I’ve always loved Sylvia Plath, though I think she is a kind of Rorschach blotch that says more about the interpreter than the interpreter can reveal about who she really was. We are all such mysteries to one another, even to those most intimate to us. Biographers and scholars and angsty teen girls, 20-something poets, thirty something mothers who don’t find time or inspiration to write anymore amongst the dirty laundry and the floor needing vacuumed and the grocery lists and the car licensing due dates are all grateful someone gives their inner state such apt utterance. Her motherhood poems speak to me at this point in my life, while her father issues and black moods spoke to me in another. I think people mythologize her in unhealthy ways because of her suicide, and that bookend has made her legendary in a way that sadly eclipses her craftsmanship, not unlike Kurt Cobain and so many others.

If I remember correctly, she wrote Ariel by getting up at something like 4 a.m. on a daily basis, to have the luxury of being a mind separate from others, to work, to think, before the children she was raising without her husband awoke. It is hard to think freely in the proximity of other people, and sometimes we have to escape into ourselves, even from those we love more than our own selves.
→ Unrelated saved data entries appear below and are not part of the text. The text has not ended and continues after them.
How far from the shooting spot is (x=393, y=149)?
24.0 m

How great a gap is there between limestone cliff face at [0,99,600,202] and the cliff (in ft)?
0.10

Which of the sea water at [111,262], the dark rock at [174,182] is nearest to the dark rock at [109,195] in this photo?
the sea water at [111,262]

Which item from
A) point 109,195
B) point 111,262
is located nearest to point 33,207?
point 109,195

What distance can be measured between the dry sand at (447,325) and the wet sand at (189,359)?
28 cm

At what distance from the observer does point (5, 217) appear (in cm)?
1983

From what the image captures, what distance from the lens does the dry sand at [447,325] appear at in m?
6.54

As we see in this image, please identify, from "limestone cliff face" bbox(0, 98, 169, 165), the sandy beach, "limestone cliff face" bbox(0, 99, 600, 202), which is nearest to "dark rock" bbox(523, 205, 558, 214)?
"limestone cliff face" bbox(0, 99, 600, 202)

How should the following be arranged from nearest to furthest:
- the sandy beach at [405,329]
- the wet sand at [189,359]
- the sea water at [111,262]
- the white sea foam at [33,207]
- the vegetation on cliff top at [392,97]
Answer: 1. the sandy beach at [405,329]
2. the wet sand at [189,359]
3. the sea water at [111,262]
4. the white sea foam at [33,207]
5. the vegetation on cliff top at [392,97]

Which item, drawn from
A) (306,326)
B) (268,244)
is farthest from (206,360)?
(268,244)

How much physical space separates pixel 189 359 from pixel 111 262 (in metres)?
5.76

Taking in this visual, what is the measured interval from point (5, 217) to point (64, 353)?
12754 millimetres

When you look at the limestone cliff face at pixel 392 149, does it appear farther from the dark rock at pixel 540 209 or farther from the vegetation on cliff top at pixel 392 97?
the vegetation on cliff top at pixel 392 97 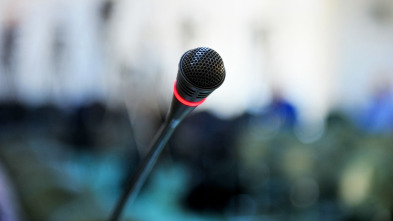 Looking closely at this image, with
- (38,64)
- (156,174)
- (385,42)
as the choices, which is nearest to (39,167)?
(38,64)

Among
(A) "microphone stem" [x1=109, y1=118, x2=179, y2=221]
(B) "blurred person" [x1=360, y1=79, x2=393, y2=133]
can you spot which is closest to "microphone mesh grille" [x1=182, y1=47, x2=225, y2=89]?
(A) "microphone stem" [x1=109, y1=118, x2=179, y2=221]

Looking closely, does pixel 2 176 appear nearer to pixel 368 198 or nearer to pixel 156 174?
pixel 156 174

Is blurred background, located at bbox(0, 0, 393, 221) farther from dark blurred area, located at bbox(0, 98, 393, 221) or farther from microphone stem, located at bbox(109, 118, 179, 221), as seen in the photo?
microphone stem, located at bbox(109, 118, 179, 221)

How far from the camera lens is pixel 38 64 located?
7.73 feet

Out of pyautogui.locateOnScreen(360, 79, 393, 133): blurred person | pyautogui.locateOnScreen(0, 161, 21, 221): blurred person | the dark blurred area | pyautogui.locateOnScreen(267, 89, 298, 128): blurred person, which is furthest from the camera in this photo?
pyautogui.locateOnScreen(360, 79, 393, 133): blurred person

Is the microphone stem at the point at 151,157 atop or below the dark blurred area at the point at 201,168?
atop

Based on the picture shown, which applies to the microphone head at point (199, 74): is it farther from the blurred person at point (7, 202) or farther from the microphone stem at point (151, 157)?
the blurred person at point (7, 202)

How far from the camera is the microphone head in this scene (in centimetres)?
59

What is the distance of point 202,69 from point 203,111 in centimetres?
227

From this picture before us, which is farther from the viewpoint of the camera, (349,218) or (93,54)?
(349,218)

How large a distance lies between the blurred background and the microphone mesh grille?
1.76 meters

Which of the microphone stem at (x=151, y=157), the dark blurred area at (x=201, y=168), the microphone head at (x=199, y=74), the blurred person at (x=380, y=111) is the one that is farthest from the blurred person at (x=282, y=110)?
the microphone head at (x=199, y=74)

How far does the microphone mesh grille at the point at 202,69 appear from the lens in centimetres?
59

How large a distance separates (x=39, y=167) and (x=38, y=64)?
27.4 inches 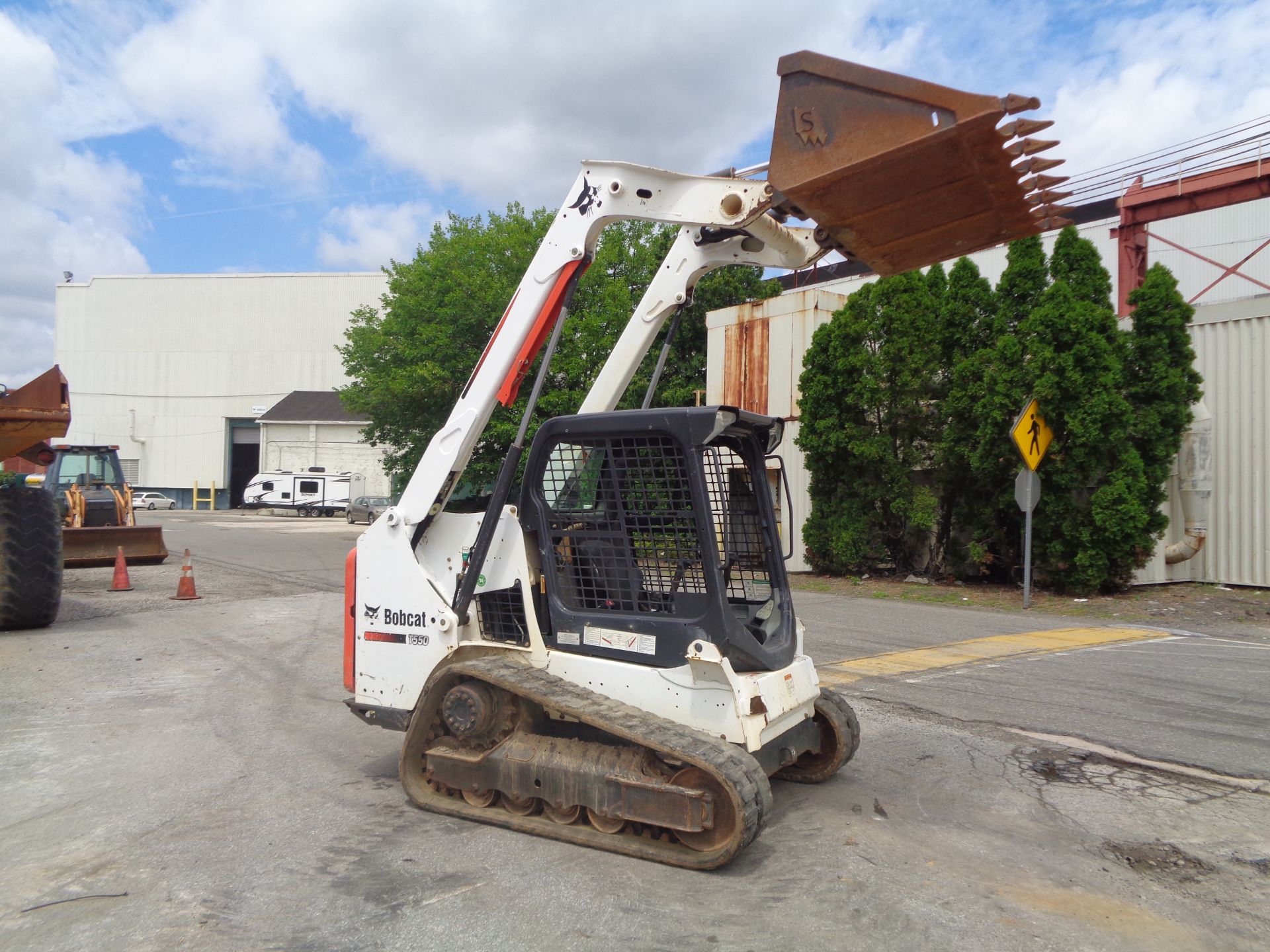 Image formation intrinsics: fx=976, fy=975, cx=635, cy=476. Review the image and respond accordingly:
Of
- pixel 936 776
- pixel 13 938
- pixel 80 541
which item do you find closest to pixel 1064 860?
pixel 936 776

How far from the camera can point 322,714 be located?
25.0ft

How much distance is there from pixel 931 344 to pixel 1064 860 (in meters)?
14.6

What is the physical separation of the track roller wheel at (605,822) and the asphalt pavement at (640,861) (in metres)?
0.16

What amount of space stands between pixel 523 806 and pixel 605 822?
→ 0.50 m

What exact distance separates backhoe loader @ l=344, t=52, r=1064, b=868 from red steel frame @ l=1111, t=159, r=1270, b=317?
15.2 meters

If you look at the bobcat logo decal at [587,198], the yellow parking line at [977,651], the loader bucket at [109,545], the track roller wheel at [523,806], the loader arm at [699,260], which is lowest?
the yellow parking line at [977,651]

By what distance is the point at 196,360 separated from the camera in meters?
67.1

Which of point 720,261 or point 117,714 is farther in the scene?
point 117,714

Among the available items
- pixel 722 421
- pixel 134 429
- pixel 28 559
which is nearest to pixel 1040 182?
pixel 722 421

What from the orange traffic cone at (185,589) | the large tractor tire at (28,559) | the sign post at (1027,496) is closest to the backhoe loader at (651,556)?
the large tractor tire at (28,559)

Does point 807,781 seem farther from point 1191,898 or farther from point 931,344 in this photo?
point 931,344

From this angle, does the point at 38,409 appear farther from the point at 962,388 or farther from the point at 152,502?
the point at 152,502

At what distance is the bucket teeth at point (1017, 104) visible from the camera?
12.6 feet

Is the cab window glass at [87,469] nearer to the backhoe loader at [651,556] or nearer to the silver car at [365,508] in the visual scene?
the backhoe loader at [651,556] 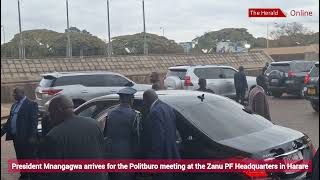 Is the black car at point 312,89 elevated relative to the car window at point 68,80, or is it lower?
lower

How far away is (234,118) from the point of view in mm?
5762

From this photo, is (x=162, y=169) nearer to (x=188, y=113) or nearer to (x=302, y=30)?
(x=188, y=113)

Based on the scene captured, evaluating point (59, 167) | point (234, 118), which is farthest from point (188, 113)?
point (59, 167)

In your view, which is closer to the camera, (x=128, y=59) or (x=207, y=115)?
(x=207, y=115)

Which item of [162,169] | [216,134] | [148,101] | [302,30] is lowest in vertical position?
[162,169]

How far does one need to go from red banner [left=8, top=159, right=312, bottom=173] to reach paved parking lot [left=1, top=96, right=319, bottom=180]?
355 cm

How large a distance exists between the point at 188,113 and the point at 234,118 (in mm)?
665

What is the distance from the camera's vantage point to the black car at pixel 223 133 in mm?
4836

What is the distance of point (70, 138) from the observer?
4258 millimetres

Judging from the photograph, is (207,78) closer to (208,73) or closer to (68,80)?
(208,73)

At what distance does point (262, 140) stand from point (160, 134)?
109 centimetres

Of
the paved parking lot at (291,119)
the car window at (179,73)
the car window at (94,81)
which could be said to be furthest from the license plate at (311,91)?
the car window at (94,81)

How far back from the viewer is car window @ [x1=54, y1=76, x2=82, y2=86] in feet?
54.5

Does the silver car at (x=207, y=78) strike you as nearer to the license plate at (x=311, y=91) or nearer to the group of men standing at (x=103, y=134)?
the license plate at (x=311, y=91) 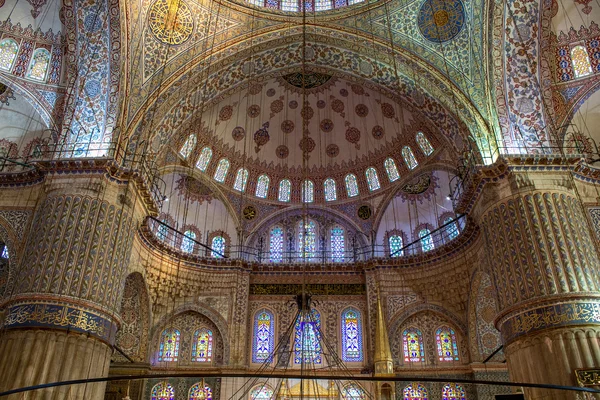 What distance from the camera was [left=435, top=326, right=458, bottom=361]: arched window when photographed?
46.7 ft

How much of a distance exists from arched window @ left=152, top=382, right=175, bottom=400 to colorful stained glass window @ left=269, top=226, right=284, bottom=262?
4984 mm

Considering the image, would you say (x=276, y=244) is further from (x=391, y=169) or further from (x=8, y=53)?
(x=8, y=53)

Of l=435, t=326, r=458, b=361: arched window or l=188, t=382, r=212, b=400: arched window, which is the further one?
l=435, t=326, r=458, b=361: arched window

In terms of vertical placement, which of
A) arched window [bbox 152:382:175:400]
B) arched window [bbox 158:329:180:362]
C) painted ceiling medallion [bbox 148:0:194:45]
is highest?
painted ceiling medallion [bbox 148:0:194:45]

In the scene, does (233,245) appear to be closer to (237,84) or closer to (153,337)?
(153,337)

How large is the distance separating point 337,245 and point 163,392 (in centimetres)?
705

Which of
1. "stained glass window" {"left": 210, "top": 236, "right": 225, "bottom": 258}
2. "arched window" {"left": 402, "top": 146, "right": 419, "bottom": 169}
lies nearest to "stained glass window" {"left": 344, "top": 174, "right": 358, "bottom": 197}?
"arched window" {"left": 402, "top": 146, "right": 419, "bottom": 169}

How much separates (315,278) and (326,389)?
337 centimetres

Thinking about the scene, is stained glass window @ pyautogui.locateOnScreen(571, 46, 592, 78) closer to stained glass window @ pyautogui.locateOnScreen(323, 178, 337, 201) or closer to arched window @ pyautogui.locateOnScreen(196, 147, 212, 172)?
stained glass window @ pyautogui.locateOnScreen(323, 178, 337, 201)

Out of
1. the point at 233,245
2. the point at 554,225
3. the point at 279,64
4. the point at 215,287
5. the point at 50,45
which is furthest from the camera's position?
the point at 233,245

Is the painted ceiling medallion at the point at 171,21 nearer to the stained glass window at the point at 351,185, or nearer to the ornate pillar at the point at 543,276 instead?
the stained glass window at the point at 351,185

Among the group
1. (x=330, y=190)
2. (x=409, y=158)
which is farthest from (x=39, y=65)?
(x=409, y=158)

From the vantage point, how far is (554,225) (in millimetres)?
9648

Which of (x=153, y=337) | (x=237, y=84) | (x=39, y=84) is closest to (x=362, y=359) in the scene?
(x=153, y=337) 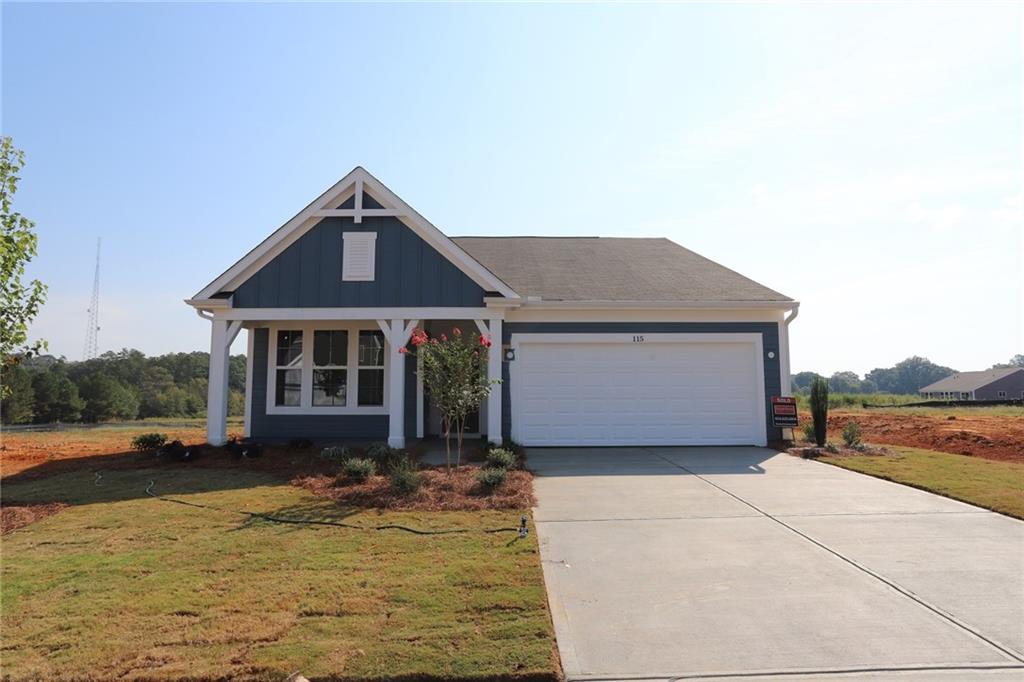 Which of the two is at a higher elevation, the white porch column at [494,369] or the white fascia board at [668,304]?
the white fascia board at [668,304]

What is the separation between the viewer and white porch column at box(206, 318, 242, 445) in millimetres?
11602

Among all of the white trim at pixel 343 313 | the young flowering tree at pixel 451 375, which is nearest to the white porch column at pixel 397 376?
→ the white trim at pixel 343 313

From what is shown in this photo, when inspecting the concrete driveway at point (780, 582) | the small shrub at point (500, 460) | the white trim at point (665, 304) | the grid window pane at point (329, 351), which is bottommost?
the concrete driveway at point (780, 582)

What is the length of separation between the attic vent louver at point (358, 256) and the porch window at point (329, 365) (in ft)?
7.14

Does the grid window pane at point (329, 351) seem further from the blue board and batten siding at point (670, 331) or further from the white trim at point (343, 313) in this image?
the blue board and batten siding at point (670, 331)

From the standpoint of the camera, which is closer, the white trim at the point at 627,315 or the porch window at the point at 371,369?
the white trim at the point at 627,315

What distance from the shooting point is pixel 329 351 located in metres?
13.5

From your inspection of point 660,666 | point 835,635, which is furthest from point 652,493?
point 660,666

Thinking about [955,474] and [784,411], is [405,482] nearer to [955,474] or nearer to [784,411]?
[955,474]

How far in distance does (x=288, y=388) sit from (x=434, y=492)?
23.5 ft

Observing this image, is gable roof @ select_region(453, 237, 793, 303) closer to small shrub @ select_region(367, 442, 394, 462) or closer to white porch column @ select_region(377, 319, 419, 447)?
white porch column @ select_region(377, 319, 419, 447)

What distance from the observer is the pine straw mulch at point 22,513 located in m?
Result: 6.59

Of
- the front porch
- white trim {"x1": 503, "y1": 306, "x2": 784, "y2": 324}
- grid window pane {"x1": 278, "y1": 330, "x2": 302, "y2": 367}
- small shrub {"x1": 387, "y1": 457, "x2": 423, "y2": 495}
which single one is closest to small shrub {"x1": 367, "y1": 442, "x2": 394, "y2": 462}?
small shrub {"x1": 387, "y1": 457, "x2": 423, "y2": 495}

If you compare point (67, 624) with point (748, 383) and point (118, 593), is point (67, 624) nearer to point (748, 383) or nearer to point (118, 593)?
point (118, 593) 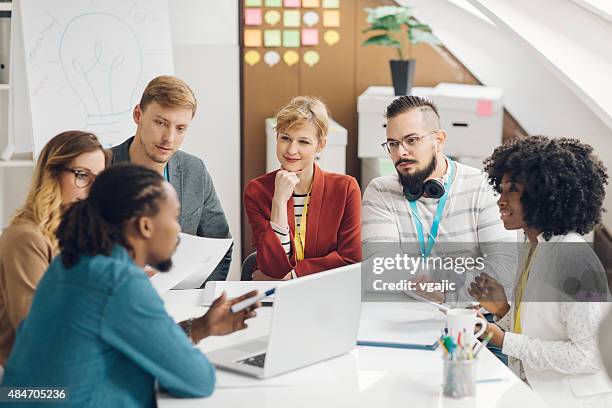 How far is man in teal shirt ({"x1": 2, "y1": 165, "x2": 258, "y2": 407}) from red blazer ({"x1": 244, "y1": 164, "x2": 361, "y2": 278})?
1.07m

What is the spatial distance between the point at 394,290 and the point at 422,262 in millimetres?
133

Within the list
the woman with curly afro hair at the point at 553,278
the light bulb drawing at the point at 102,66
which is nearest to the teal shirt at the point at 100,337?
the woman with curly afro hair at the point at 553,278

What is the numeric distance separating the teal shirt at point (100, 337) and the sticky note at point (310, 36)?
3563mm

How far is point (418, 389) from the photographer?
184cm

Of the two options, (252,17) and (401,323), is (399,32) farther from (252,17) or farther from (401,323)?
(401,323)

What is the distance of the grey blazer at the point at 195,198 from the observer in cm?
304

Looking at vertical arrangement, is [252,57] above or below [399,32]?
below

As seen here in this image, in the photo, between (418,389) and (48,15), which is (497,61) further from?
(418,389)

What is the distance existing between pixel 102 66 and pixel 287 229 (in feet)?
5.99

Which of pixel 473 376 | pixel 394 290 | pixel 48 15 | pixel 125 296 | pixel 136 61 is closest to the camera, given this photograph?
pixel 125 296

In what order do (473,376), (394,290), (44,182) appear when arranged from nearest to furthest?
(473,376), (44,182), (394,290)

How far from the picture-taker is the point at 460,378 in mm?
1785

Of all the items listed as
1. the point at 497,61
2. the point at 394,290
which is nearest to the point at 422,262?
the point at 394,290

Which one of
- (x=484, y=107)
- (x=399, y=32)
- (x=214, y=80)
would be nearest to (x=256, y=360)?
(x=484, y=107) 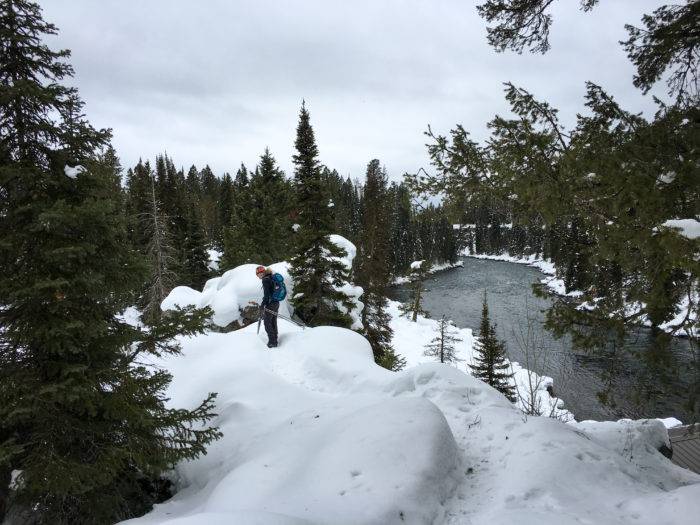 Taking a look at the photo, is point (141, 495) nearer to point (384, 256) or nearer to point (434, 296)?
point (384, 256)

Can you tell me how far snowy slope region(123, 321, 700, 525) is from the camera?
140 inches

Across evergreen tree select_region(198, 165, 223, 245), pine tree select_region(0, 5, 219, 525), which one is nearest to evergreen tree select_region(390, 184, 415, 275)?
evergreen tree select_region(198, 165, 223, 245)

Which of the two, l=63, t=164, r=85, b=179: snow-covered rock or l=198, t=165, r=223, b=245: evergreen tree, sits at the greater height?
l=198, t=165, r=223, b=245: evergreen tree

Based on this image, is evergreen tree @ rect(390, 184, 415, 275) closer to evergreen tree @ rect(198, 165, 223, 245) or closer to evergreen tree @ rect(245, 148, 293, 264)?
evergreen tree @ rect(198, 165, 223, 245)

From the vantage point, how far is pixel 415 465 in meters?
4.08

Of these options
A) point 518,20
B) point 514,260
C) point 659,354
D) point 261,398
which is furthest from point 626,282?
point 514,260

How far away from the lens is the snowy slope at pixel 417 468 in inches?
140

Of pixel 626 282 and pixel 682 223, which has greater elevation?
pixel 682 223

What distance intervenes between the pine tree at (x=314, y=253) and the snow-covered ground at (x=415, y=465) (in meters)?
9.30

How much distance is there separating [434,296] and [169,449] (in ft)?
162

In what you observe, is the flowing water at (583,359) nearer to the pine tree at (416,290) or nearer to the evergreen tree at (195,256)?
the pine tree at (416,290)

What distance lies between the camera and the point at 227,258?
28219mm

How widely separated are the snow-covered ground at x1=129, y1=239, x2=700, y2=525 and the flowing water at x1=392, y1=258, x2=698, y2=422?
105cm

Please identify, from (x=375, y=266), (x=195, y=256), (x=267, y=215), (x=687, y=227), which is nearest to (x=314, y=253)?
(x=375, y=266) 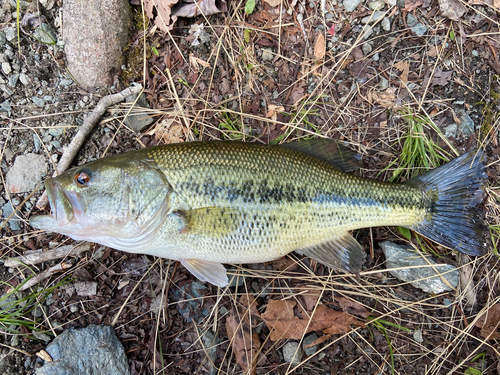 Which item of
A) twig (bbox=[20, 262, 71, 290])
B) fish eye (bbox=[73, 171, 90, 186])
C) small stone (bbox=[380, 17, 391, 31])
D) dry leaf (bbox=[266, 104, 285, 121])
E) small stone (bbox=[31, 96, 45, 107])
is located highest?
small stone (bbox=[380, 17, 391, 31])

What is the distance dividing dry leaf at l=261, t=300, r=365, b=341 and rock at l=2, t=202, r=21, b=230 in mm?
2778

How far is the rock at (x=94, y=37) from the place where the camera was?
339 centimetres

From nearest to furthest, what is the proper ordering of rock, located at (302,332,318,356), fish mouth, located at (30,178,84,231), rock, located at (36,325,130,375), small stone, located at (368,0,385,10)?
fish mouth, located at (30,178,84,231) → rock, located at (36,325,130,375) → rock, located at (302,332,318,356) → small stone, located at (368,0,385,10)

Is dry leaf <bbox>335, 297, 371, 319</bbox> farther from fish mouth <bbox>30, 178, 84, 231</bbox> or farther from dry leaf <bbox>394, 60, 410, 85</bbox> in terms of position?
fish mouth <bbox>30, 178, 84, 231</bbox>

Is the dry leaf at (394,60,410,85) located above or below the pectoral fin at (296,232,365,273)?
above

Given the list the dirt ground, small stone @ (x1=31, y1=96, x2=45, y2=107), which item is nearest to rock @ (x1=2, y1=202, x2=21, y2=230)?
the dirt ground

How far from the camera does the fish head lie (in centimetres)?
272

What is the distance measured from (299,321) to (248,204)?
4.70ft

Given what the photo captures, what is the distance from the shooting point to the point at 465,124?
11.7 ft

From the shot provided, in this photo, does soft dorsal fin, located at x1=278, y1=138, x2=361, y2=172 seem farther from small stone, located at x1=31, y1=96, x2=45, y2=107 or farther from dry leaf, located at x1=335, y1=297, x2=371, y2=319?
small stone, located at x1=31, y1=96, x2=45, y2=107

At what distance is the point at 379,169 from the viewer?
3.57 m

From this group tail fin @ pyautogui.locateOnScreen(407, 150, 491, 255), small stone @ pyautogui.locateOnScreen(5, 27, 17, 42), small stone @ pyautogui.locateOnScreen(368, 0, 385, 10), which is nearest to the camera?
tail fin @ pyautogui.locateOnScreen(407, 150, 491, 255)

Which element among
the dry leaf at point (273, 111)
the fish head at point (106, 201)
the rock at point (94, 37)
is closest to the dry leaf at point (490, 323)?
the dry leaf at point (273, 111)

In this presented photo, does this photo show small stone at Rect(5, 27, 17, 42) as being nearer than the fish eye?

But the dark hours of early morning are heavy, too, with the duty of parenthood. I think often of my father rising at 5 a.m., packing lunches, stoking the fire, as well as working out in the basement before his work day began. There’s a poem by Robert Hayden, Those Winter Sundays, that describes his own father doing the same:

Sundays too my father got up early
and put his clothes on in the blueblack cold,
then with cracked hands that ached
from labor in the weekday weather made
banked fires blaze. No one ever thanked him.

I’d wake and hear the cold splintering, breaking.
When the rooms were warm, he’d call,
and slowly I would rise and dress,
fearing the chronic angers of that house,

Speaking indifferently to him,
who had driven out the cold
and polished my good shoes as well.
What did I know, what did I know
of love’s austere and lonely offices?

Perhaps daughters are different, because while we may have never thanked my father explicitly, we knew the extent of his labors for all of us, and we loved him for it. His hands, too, were cracked with his labors, and calloused from years of them. We sometimes helped stack the wood that he split with a Zen-like cheer and a practiced, masterful efficiency he had developed over many years of swinging an axe. My father was an artisan, in his way, and a soft spoken, gentle man, and our home was warm, though I think sometimes of his quietness, his gaze into the horizon, and I wonder who he was to himself, what thoughts were his in his quiet mornings carved out to be alone with them.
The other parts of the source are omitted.